What Was and Is The Minimum Age For Marriage in Scotland?

The minimum age for parties to marry in Scotland is sixteen. In other countries, you may have to be older to marry. This includes England and Wales, where you must be 18 to marry. 

If you are not domiciled in Scotland, the law in the country where you are domiciled can still affect whether you can validly marry here. This includes where your age or that of your partner means that your marriage would be treated as void ab initio (ineffective from the outset) in your country of domicile. This would constitute a “legal impediment” to your marriage. 

‘Domicile’ is a complex legal concept. In general terms, your domicile is the country that you treat as your permanent home and with which you have a substantial connection. 

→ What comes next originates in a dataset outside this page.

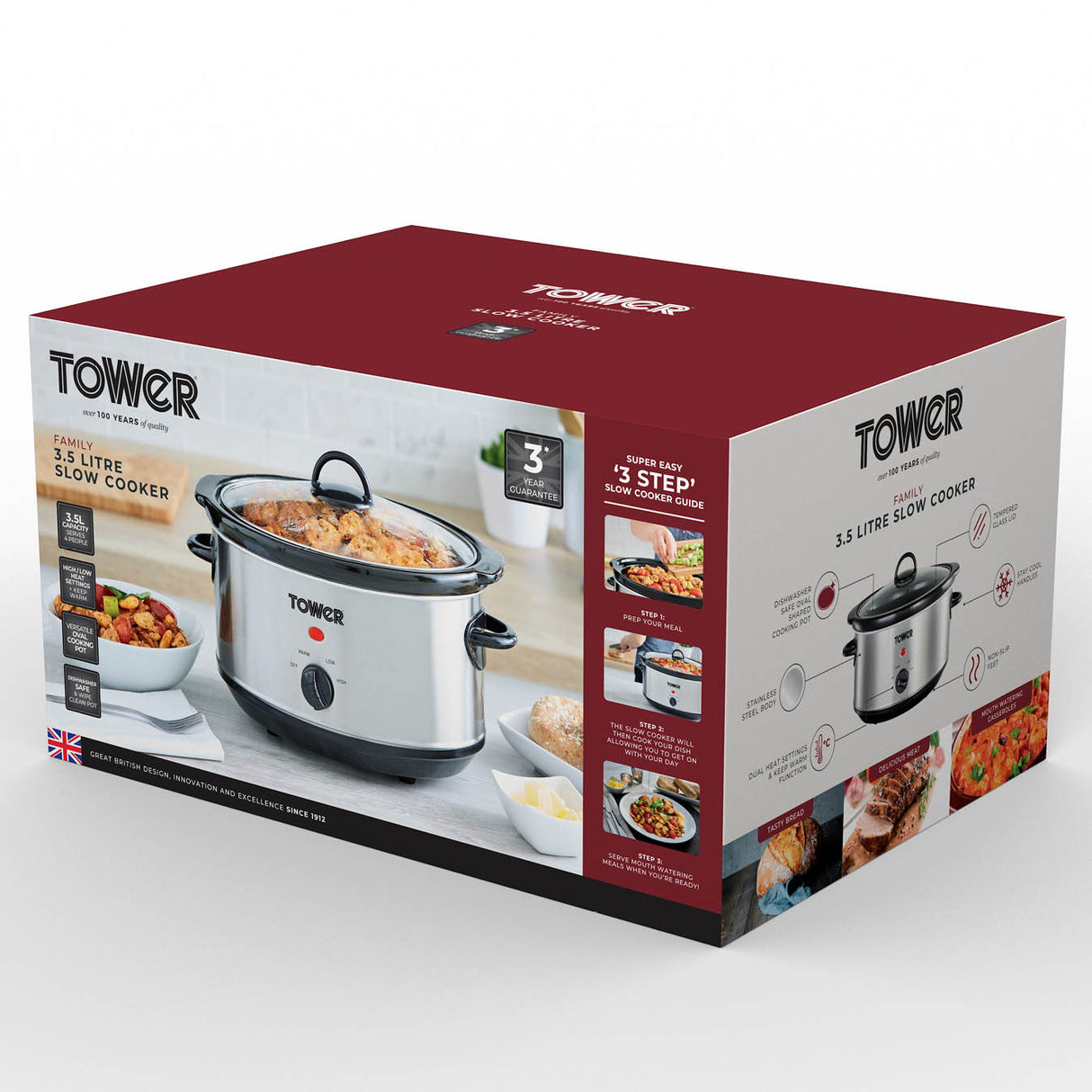 Tower T16039Y 3.5L Slow Cooker Stainless Steel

Before completing your Marriage Schedule (which allows your marriage to go ahead and which is signed at the conclusion of a marriage ceremony), the registrar must be satisfied that under section 6(1) of the Marriage (Scotland) Act 1977, there would be no legal impediment to your marriage in Scotland. The registrar may seek additional information and evidence from you after they have examined your notices of intention to marry, if they have a concern that because of age, you might not be able to enter a valid marriage here.  

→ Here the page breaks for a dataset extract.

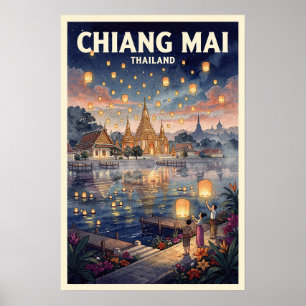 Poster Viagem Antiga Chiang Mai Tailândia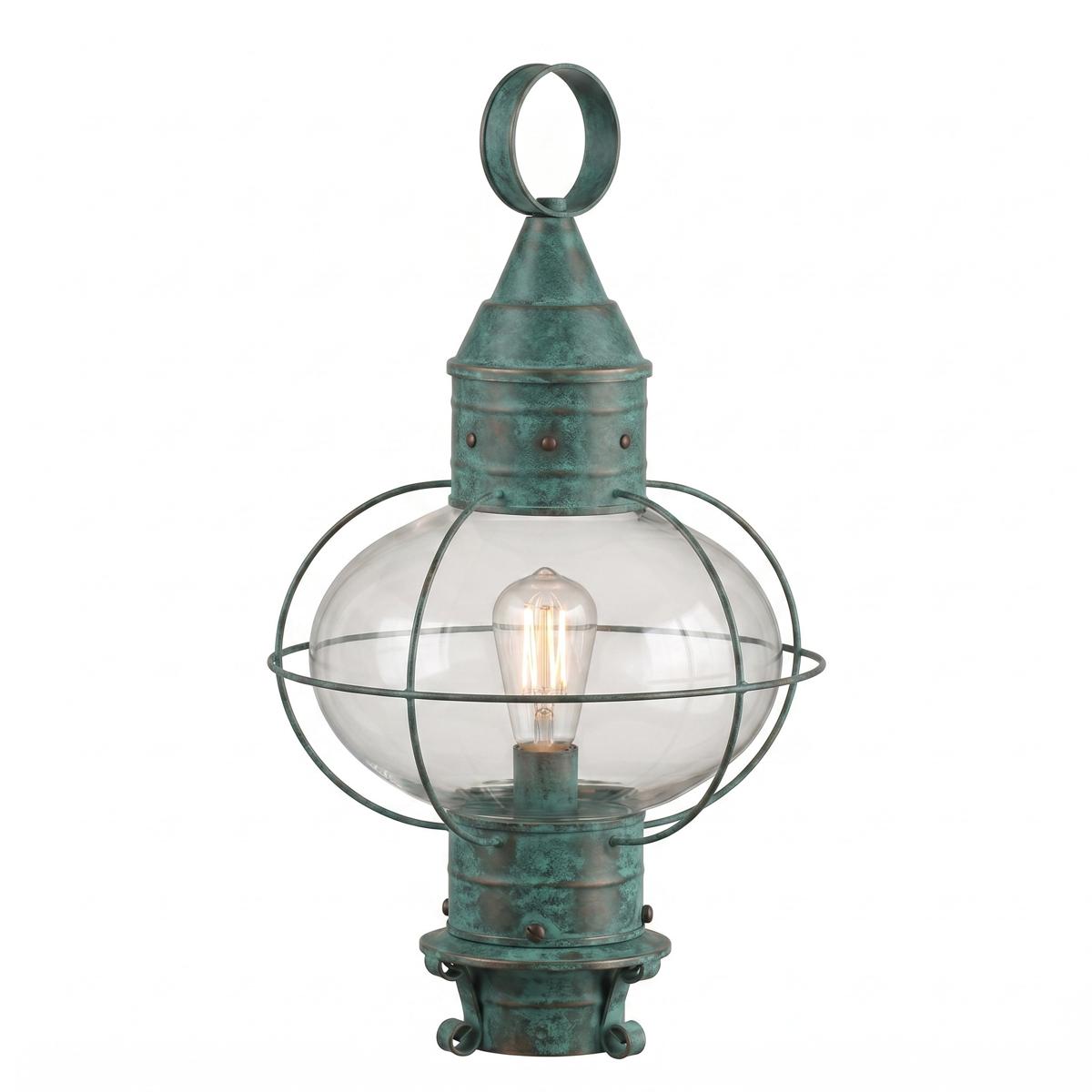 Innovations Lighting 9610-VG-CL Ellington 1 Light 21 inch Verde Green Post Lantern in Clear Glass, Brass Traditions by Innovations Lighting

If you provide incorrect information to the registrar either in your notice of intention to marry or before the Marriage Schedule is completed, then should the marriage ceremony proceed it may not be recognised in your country of domicile, and the validity of the marriage may later be challenged on the basis that there was a legal impediment in Scotland because of age. 

If you do not intend to live permanently in Scotland after your marriage, you should always consider whether your marriage would be recognised in your country of residence. You may need advice about the law in that country.  

Before 1929, Scots law followed Roman law in allowing a girl to marry at twelve years of age and a boy at fourteen, without any requirement for parental consent. However, according to one early 20th-century source*, marriage in Scotland at such young ages was in practice almost unknown. No doubt if marriages between children had become common, there would have been public pressure to raise the legal minimum age of marriage earlier than 1929. The Age of Marriage Act 1929 (applying in Scotland, England & Wales but not in Northern Ireland) made void any marriage between persons either of whom was under the age of sixteen.